*** Begin section ***

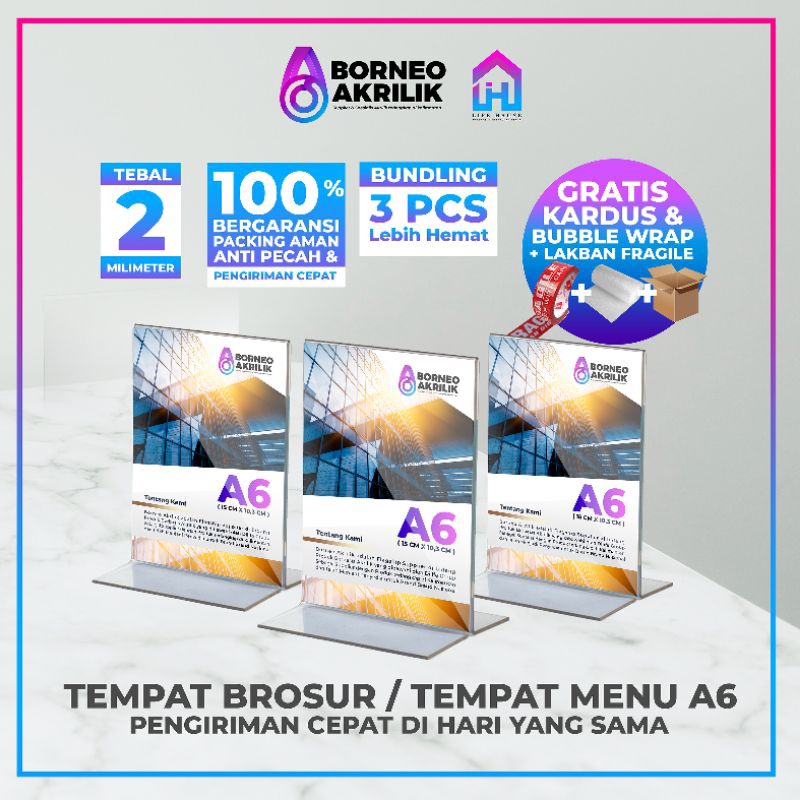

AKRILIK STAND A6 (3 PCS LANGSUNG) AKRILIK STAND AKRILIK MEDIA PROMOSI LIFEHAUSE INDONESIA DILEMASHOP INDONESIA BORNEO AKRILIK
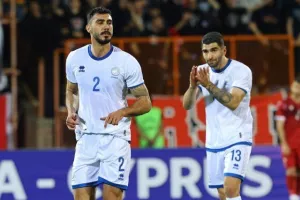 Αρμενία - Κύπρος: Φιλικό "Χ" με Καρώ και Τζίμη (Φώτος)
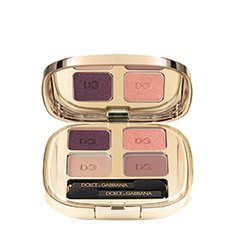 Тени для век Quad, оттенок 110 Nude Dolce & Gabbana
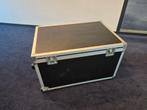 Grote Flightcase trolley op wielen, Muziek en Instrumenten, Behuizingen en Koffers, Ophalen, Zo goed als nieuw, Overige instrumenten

*** End section ***
*** Begin section ***

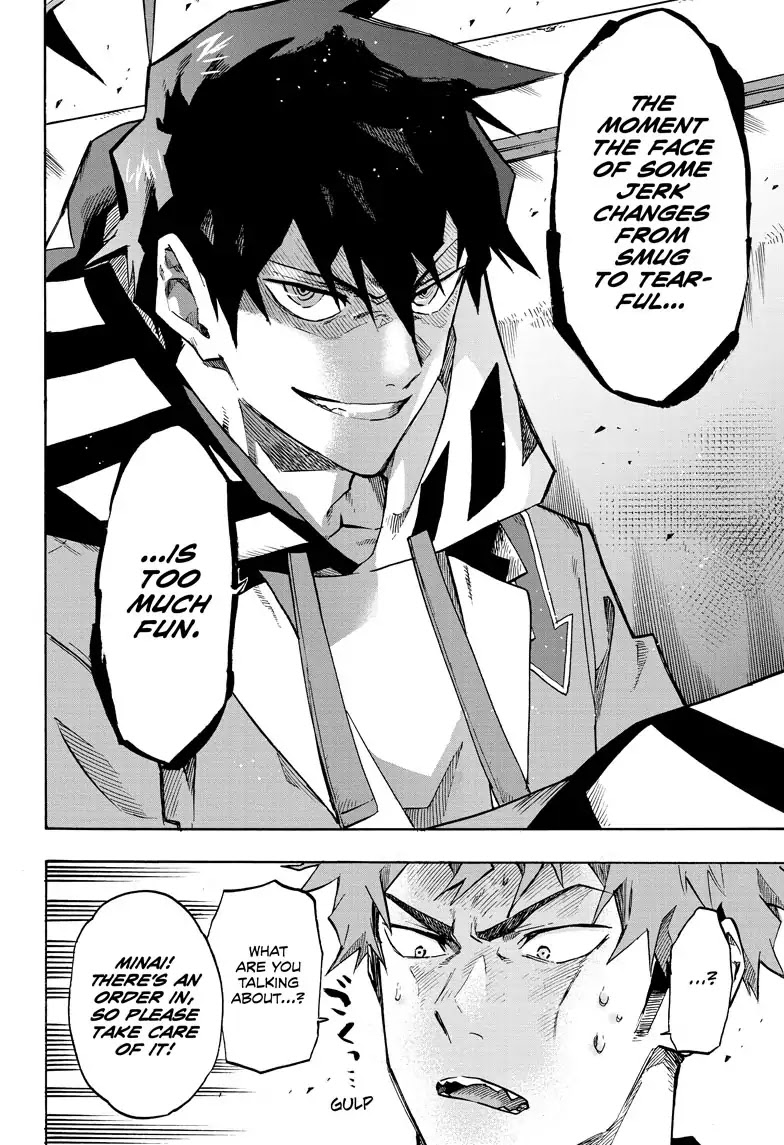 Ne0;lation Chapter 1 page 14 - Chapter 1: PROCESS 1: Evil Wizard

*** End section ***

— Work instructions —
Every line from the one with "Αρμενία - Κύπρος: Φιλικό" through the one with "Grote Flightcase trolley" is to be reproduced exactly as written above, and the pictures are to be dropped.

— Output of the task —
 Αρμενία - Κύπρος: Φιλικό "Χ" με Καρώ και Τζίμη (Φώτος)
 Тени для век Quad, оттенок 110 Nude Dolce & Gabbana
 Grote Flightcase trolley op wielen, Muziek en Instrumenten, Behuizingen en Koffers, Ophalen, Zo goed als nieuw, Overige instrumenten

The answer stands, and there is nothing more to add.